(Pictures with short captions)

- Opening Delimiter -

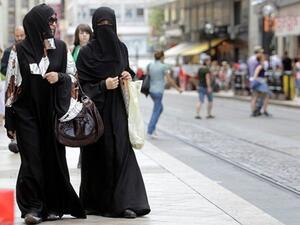بدأت الدنمارك تطبيق حظر ارتداء النقاب في الأماكن العامة
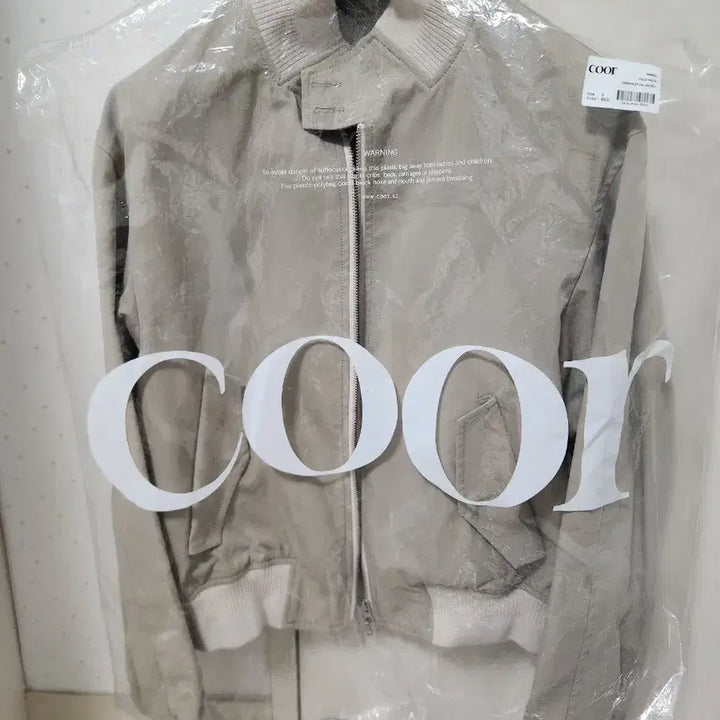 [SOLD OUT] 쿠어 립 하이넥 해링턴 자켓 베이지 s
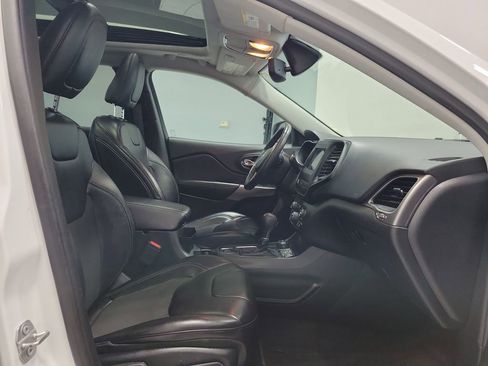 Used 2019 Jeep Cherokee Latitude Plus w/ Comfort/Convenience Group AWD/4WD image 17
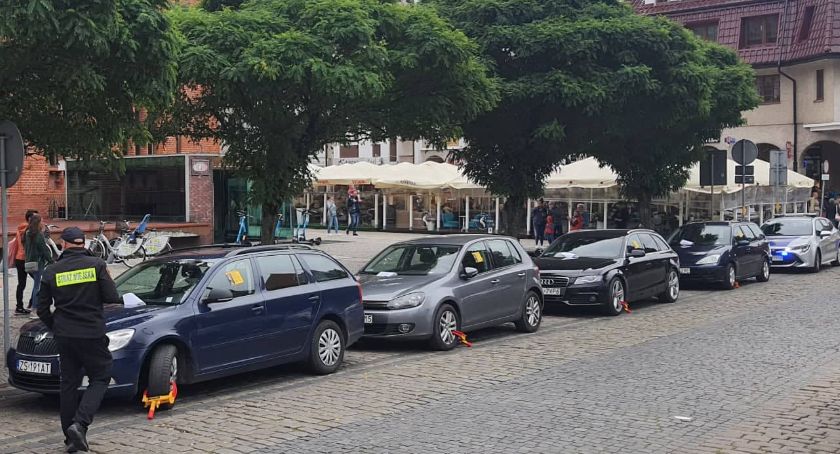 Straż miejska bije rekord w zakładaniu blokad. Kierowcy parkują gdzie popadnie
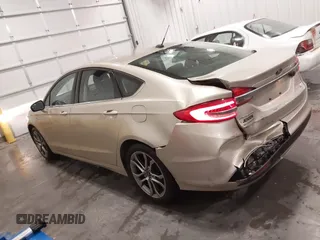 2017 Ford Fusion SE with VIN 3FA6P0HD1HR275097, listed as a IAAI auction lot 41791961 with 136,887 mi miles. Bid and sale history available at carsss.com. Image 14.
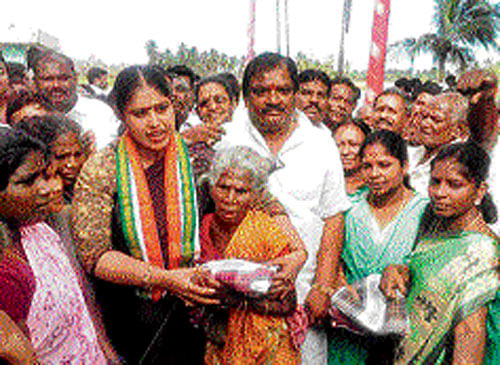 Kanyakumari Congress candidate Vijayadharani (C) will give a tough fight to the BJP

- Closing Delimiter -

**What is required**
Set down all of the entries exactly as they stand, without any image.

**Your solution**
بدأت الدنمارك تطبيق حظر ارتداء النقاب في الأماكن العامة
 [SOLD OUT] 쿠어 립 하이넥 해링턴 자켓 베이지 s
 Used 2019 Jeep Cherokee Latitude Plus w/ Comfort/Convenience Group AWD/4WD image 17
 Straż miejska bije rekord w zakładaniu blokad. Kierowcy parkują gdzie popadnie
 2017 Ford Fusion SE with VIN 3FA6P0HD1HR275097, listed as a IAAI auction lot 41791961 with 136,887 mi miles. Bid and sale history available at carsss.com. Image 14.
 Kanyakumari Congress candidate Vijayadharani (C) will give a tough fight to the BJP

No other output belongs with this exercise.